Task material —
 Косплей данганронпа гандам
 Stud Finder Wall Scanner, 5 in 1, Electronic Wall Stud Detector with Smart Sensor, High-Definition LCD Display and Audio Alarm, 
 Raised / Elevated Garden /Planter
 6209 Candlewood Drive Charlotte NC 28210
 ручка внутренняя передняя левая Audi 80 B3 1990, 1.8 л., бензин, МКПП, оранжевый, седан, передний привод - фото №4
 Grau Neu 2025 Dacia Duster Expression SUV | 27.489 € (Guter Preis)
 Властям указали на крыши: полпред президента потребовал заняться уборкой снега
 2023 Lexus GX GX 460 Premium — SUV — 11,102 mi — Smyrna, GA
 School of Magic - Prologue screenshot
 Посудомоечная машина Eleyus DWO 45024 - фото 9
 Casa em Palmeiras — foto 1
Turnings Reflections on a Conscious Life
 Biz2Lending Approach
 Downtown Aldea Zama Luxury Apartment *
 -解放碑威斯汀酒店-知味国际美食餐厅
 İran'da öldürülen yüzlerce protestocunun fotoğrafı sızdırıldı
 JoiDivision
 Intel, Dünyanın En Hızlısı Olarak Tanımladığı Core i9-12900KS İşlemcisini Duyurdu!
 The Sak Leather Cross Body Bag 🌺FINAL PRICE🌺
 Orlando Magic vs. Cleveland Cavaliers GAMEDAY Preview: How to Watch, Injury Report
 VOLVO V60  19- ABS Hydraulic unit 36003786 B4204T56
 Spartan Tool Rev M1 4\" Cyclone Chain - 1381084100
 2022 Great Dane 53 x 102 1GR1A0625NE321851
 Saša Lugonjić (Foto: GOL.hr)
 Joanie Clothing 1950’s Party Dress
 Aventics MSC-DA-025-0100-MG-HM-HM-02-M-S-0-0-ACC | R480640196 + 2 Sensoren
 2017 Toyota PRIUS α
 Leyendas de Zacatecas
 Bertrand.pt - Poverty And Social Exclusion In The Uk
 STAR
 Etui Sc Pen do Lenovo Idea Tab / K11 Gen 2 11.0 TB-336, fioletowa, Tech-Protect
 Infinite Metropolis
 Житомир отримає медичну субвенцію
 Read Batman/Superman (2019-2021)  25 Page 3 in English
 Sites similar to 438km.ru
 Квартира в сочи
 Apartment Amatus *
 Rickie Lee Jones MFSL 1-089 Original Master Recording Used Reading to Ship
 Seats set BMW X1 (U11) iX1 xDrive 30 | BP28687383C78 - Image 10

Task directions —
Considering only the data above, return the lines in which "фото" occurs.

Answer for this exercise —
 ручка внутренняя передняя левая Audi 80 B3 1990, 1.8 л., бензин, МКПП, оранжевый, седан, передний привод - фото №4
 Посудомоечная машина Eleyus DWO 45024 - фото 9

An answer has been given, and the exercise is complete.